Australia’s sports medicine body defends denial over link between concussion and CTE

An AFLW player is stretchered off with concussion during a 2020 match. Sports Medicine Australia has defended its position at a Senate inquiry.
An AFLW player is stretchered off with concussion during a 2020 match. Sports Medicine Australia has defended its position at a Senate inquiry. Photograph: Matt Turner/AFL Photos/Getty Images

The peak body for sports medicine in Australia has defended its official position of denying a clear causative link between head injury and debilitating neurodegenerative disease, despite one of its own advisers telling a Senate inquiry that the evidence is “undeniable”.

Sports Medicine Australia (SMA) gave evidence on Monday at the first public hearing for the Senate inquiry into concussions and repeated head trauma in contact sports.

The inquiry was established in the wake of increasing public concern, including ongoing reporting by Guardian Australia, about sporting organisations’ management of player head injuries and the large and growing body of scientific evidence showing links between repeated exposure to head injury in contact sports and the neurodegenerative disease chronic traumatic encephalopathy (CTE).

CTE often manifests in life as behavioural changes, memory loss and other cognitive impairment, mood swings, depression and anxiety. It is unable to be definitively diagnosed except postmortem by autopsy, but has been found in the brains of multiple Australian sportspeople, from amateurs to professionals.

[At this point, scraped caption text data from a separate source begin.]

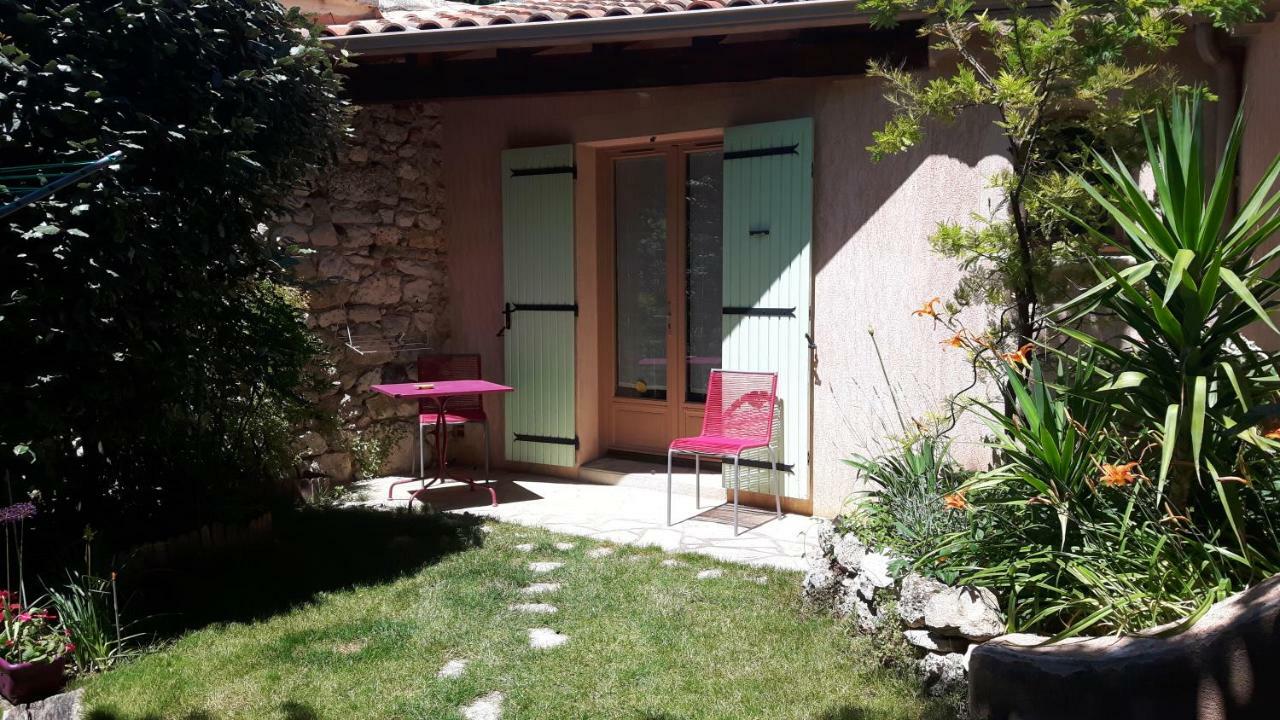 Louminai Bed & Breakfast Donzere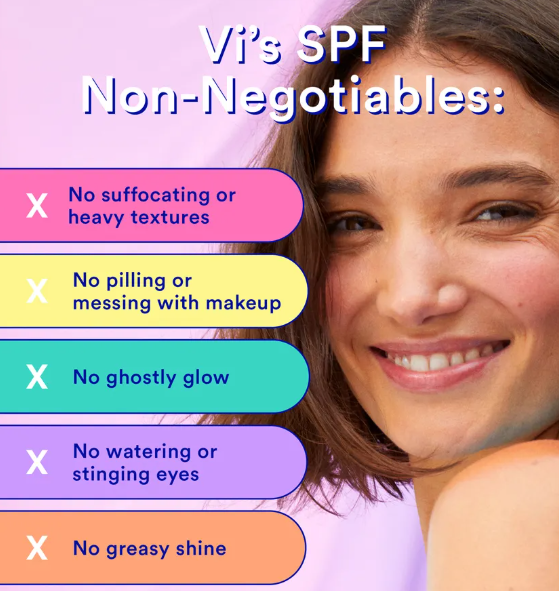 Ultra Violette Supreme Screen Hydrating Facial Skinscreen SPF 50+ 50ml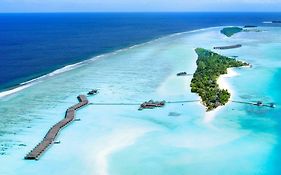 Hotel Lux Maldives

Representatives from SMA were asked by Greens senator Lidia Thorpe if the organisation still stood by its 2019 position paper, which says “there is currently no reliable evidence clearly linking sport-related concussion with chronic traumatic encephalopathy, a condition with unclear clinical diagnostic criteria”.

The SMA chief executive, Jamie Crain, said the statement was currently undergoing review, but until the review had concluded, that remained the organisation’s position.

“That’s not to say that necessarily we’re swaying one way or the other. But that 2019 position statement is currently going through a new refresh,” Crain said.

His comments came as Dr Reidar Lystad, a member of the SMA’s scientific advisory committee who also appeared at the hearing, expressed both concern about the official position of the organisation and its origins, which appear to be the widely criticised global Concussion in Sport Group’s 2017 consensus statement on concussion in sport, which also denies a link between CTE and concussion.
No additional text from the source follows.